We read with great interest the Review (The different roles of ER subtypes in cancer biology and therapy. Nature Rev. Cancer 11, 597–608 (2011))1 by Thomas and Gustafsson, in which the authors addressed the mechanisms of action and regulation of oestrogen receptors (ERs), the distinct biological effect of ER isoforms, and the roles of ERs in cancer prognosis and targeted therapies. Regarding the regulation of cellular levels of ERs, the authors systemically stated the potential mechanisms, including promoter methylation, post-transcriptional regulation by specific microRNAs and proteasome-mediated degradation of ER proteins. Although the aforementioned mechanisms are the main pathways of ER regulation, the complete mechanisms of ER upregulation are still not fully understood. One mechanism that may lead to the overexpression of a given gene in neoplastic cells is gene amplification, and ESR1 gene amplification has been observed in some cancer cells2. We believe that this issue, which is not mentioned in the Review, deserves to be discussed when illustrating the mechanisms of upregulation of ERα.

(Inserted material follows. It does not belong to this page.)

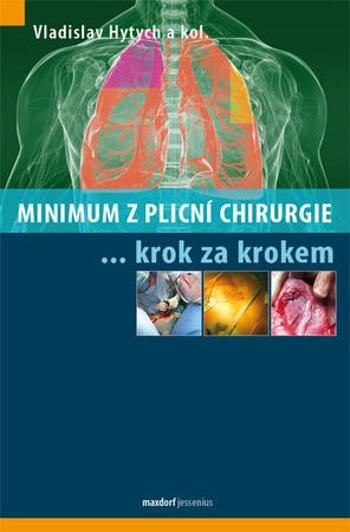 Minimum z plicní chirurgie krok za krokem - Hytych Roman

It has recently been reported that expression of ERα, but not expression of ERβ, is driven in some cases by ESR1 amplification2. Holst et al. used tissue microarray analysis of more than 2,000 samples to demonstrate that 20.6% of breast cancers contained ESR1 amplification2; Burkhardt et al. showed that amplification rates of ESR1 in ductal carcinoma in situ (DCIS), DCIS with invasive cancer and the invasive component did not differ significantly from one another, with rates of 19.0%, 24.1% and 21.3%, respectively3. More interestingly, almost all tumours with ESR1 amplification showed ERα protein overexpression2. It is therefore not surprising that ESR1 amplification in breast cancers was found to be associated with improved survival in women who had received adjuvant tamoxifen. In patients with ER-positive disease who received tamoxifen monotherapy, survival was indeed shown to be longer in patients who had ESR1 amplification than in patients who did not have ESR1 amplification2. Another Japanese report also showed that ESR1 amplification, which was found in 22.6% of samples by three-dimensional fluorescence in situ hybridization (FISH) assay, strongly correlates with higher expression levels of ERα, and that patients with ESR1 amplification in tumours apparently experience longer disease-free survival than those without ESR1 amplification4. These observations consistently suggest that ESR1 amplification is helpful in selecting patients who may potentially benefit from endocrine therapy. Besides breast cancer, ESR1 amplification occurs in more than 20% of endometrial carcinomas (established using FISH5) but it rarely occurs (2%) in ovarian cancer6.

However, the relatively high prevalence of ESR1 amplification in breast cancer (about 20%) has been challenged by several groups, who found ESR1 amplification in only approximately 1–5% of breast cancers7,8,9,10 (Table 1). One potential explanation for this is that independent investigators used a variety of different techniques11. The high prevalence of ESR1 amplification is mainly observed by FISH rather than by comparative genomic hybridization (CGH) or by quantitative-PCR. It is likely that contamination of tumour DNA with normal DNA (from the stroma, for example) is not only a challenge for detecting low-level amplicons in array CGH study, but is also a major drawback in quantitative-PCR. It is also difficult to accurately distinguish multiple small signals from a large confluent signal, given the small size of the ESR1 amplicon in breast cancer. The distance between the signals is often smaller than the diameter of one FISH signal. Such clusters are difficult to count, although the tumour appears to be amplified at first sight during a visual inspection. As a result, most ESR1-amplified tumours are considered as unamplified if ERBB2 criteria are applied. New criteria for estimating the ESR1 gene copy number need to enable a more reliable identification of amplified cancers than identification by classical counting.

Table 1 Available data for ESR1 (at locus 6q25.1) amplification in cancer

Because alteration of ER expression is an important step in the development and progression of hormone-related cancers, and because it influences cancer response to endocrine therapy1, ESR1 amplification leading to upregulation of ERα expression might have clinical importance, and further well-designed investigations are needed to resolve this issue.